矢吹氏によれば、外務省が公表している「田中角栄・周恩来会談」の記録では、尖閣諸島の棚上げを持ちかけた周首相に対する田中首相の返答が残されていないのだという。
矢吹氏は、大平正芳元総理の追悼文集『去華就実 聞き書き大平正芳』(大平正芳記念財団編、2000年)に収録された「橋本恕の2000年4月4日 清水幹夫への証言」における、次のような記述を引用した。
「周首相は『これ(尖閣問題)を言い出したら、双方とも言うことがいっぱいあって、首脳会談はとてもじゃないが終わりませんよ。だから今回はこれは触れないでおきましょう』と言ったので、田中首相の方も『それはそうだ、じゃ、これは別の機会に』、ということで交渉はすべて終わったのです」
このように、田中角栄首相の側も、周恩来首相の「棚上げ」提案に対し、「それはそうだ」と合意していたというのである。矢吹氏は、「日本政府は、『尖閣諸島に領土問題は存在しない』という立場と矛盾するという理由から、田中角栄の発言を削除したままにしている」と説明。日中間で尖閣諸島に関する「棚上げ」合意は確かに存在し、約束を反故にして現状を変更しようとしているのは日本側であると指摘した。

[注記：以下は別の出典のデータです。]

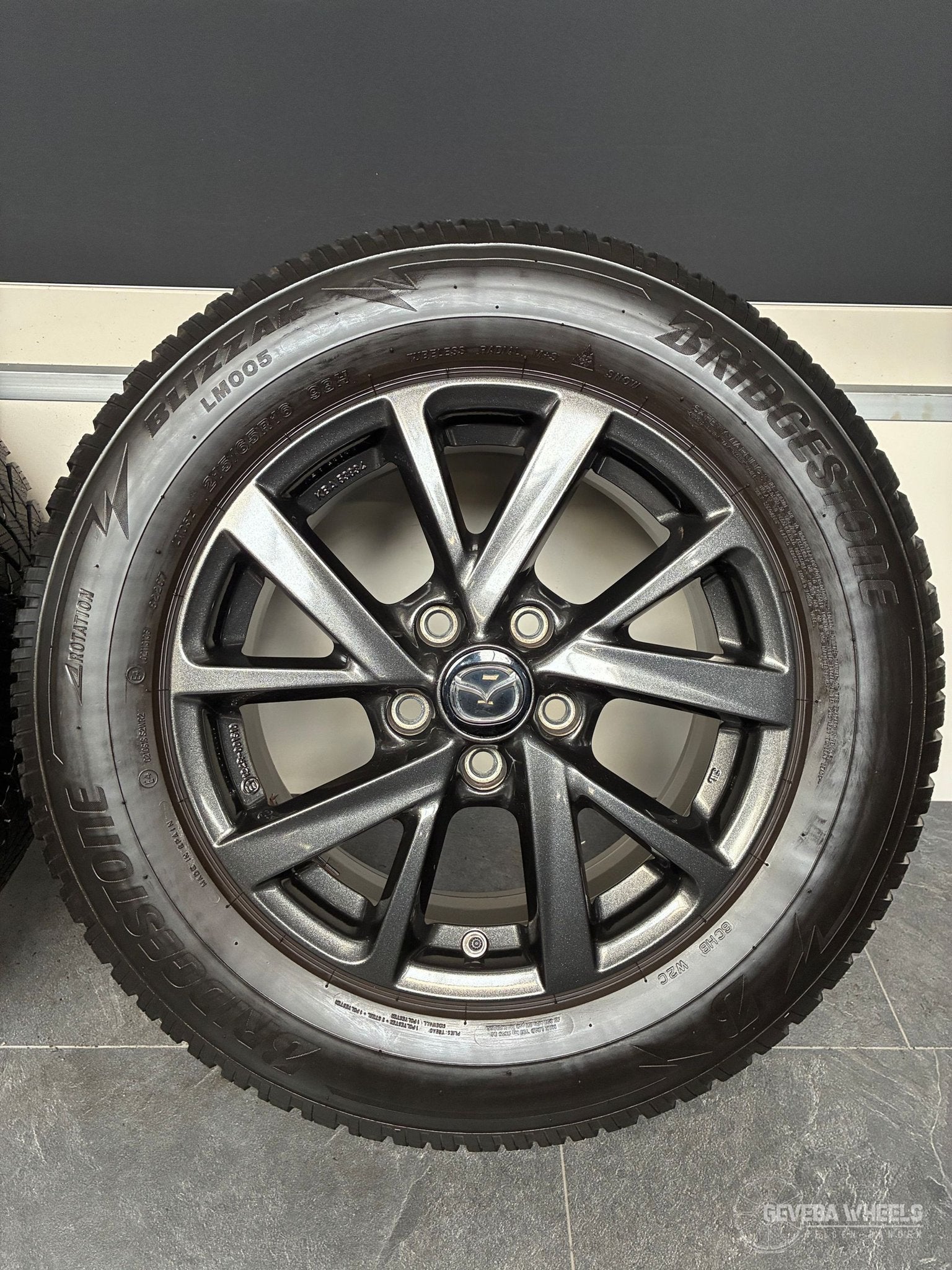 16” originele Mazda CX30 velgen + winterbanden 5x114.3 TPMS, -, Banden en Velgen, Gebruikt, 215 mm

※インタビューは他にも、沖縄返還協定と尖閣問題の関係、「防空識別圏問題」における米中の思惑、中国経済に深く依存した米国経済の実態「チャイメリカ」など、非常に多岐にわたりました。ぜひ、動画全編をご覧ください。
※インタビュー中に提示しました「米議会尖閣報告書は中国贔屓」というパワーポイント資料について、一部訂正いたします。資料に出てくる英文は、議会報告そのものではなく、ハーナーさんという矢吹先生の友人が書かれた解説記事になります。
安倍総理とNHKのウソには(悲しいことに)そろそろ驚かなくなっていますが、外務省が尖閣問題に関して史実をまげたことを言っているとは、ほんとうにあきれました。(よく考えてみたら、沖縄密約の存在も未だに否定しているのでしたね。)
また、尖閣問題に関する正確な情報を広く国民に知らせるべきメディアが、矢吹晋氏の著作を全く取り上げていないというお話をうかがって、自己規制の濃い霧のようなものが日本中に充満しているのではないかと感じました。5時間ものお話の後で、「言いたいことを言えたから、少し愉快です。」と矢吹晋氏が言っておられましたが、これと同じような感想を、岩上さんのインタビューでよく聞きますね。そのことからも、自由にものを言えない今の日本の雰囲気が感じられます。聞く耳持たずの人達は、同時に他人の口を封じようとする人達でもあります。12月まで、大事な情報をよく聞き、人にそれを伝える発言を、ひるまずに、できるだけ多くしていきたいと思いました。